** About this task **
Return only these lines: the one that contains "13x21 SAFİR TARİHSİZ AJANDA LACİVERT - 3" and every line after it through the end of the listing, exactly, without pictures.

** The records **

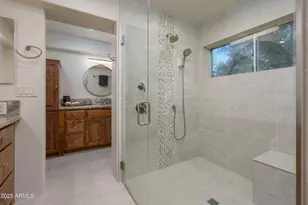 175 Appaloosa Dr, Sedona, AZ 86351 - Photo 27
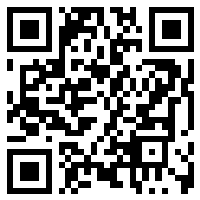 QR Code for bitcoin:17dQFdsnvcL28sZzdabN2BvTUS36C7Gjp2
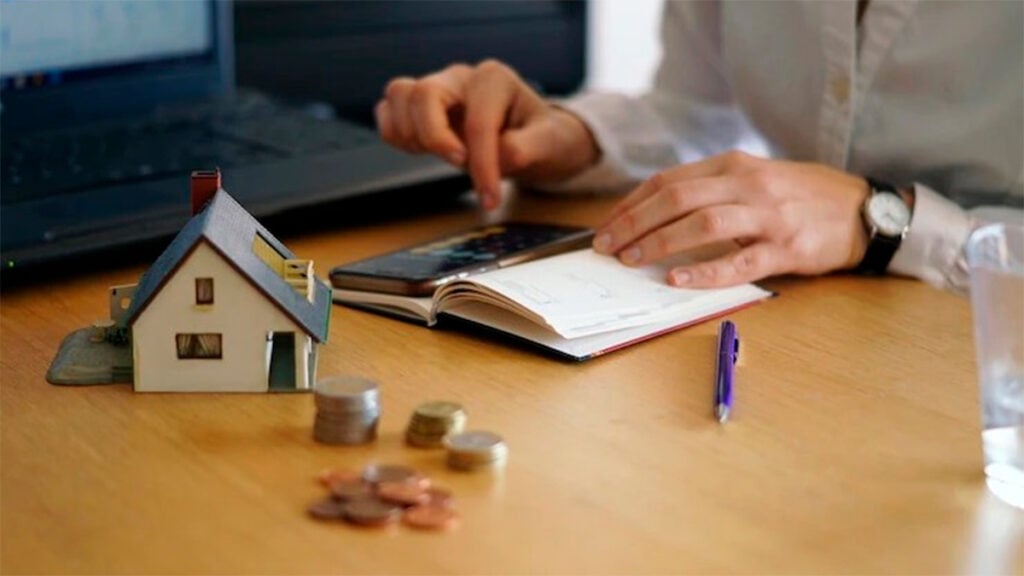 Comprar una casa: Esto es lo que deberías considerar sobre los precios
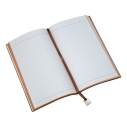 13x21 SAFİR TARİHSİZ AJANDA LACİVERT - 3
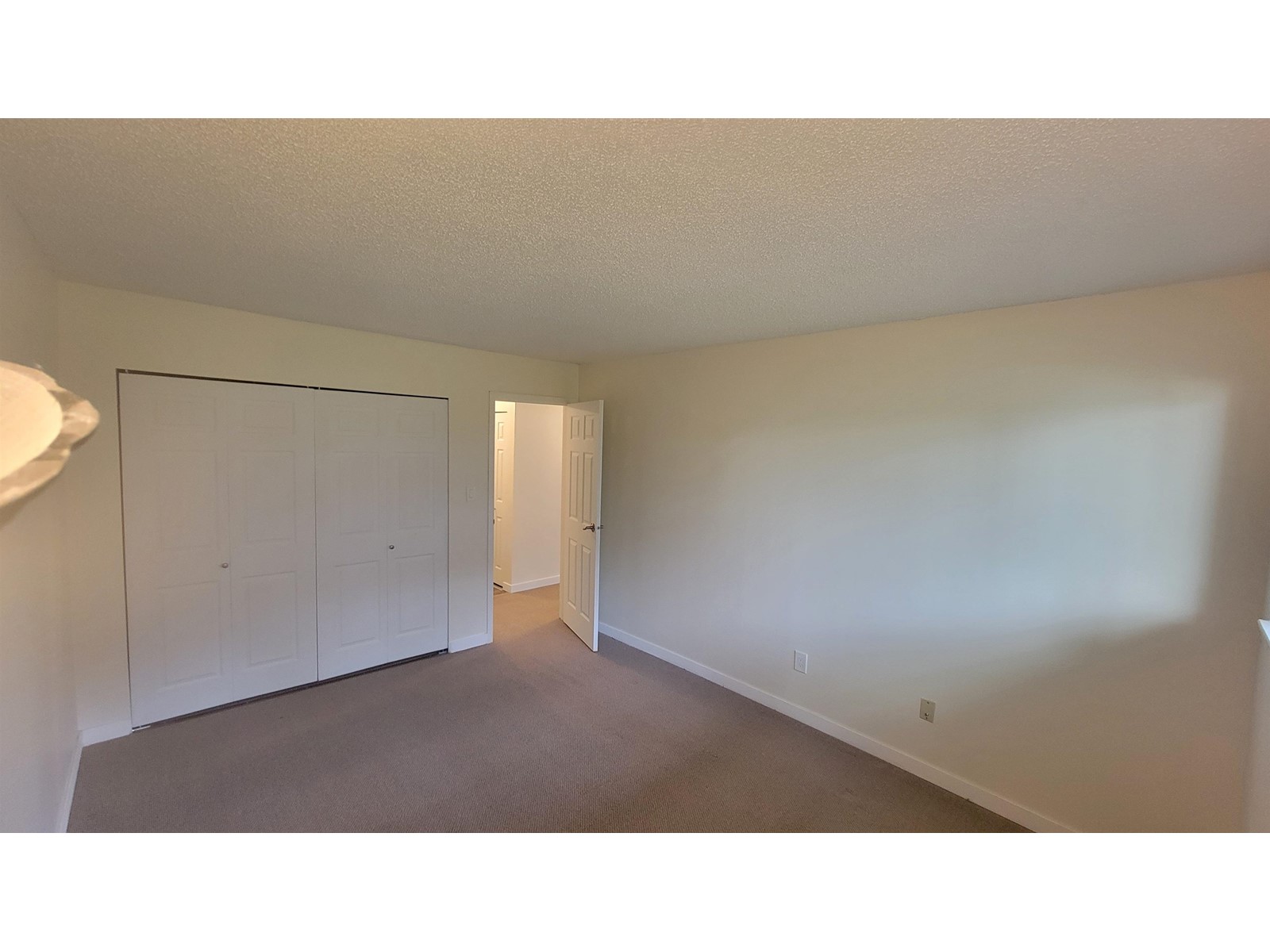 108 33400 BOURQUIN PLACE, Abbotsford real estate listing R2958716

** Result of the task **
 13x21 SAFİR TARİHSİZ AJANDA LACİVERT - 3
 108 33400 BOURQUIN PLACE, Abbotsford real estate listing R2958716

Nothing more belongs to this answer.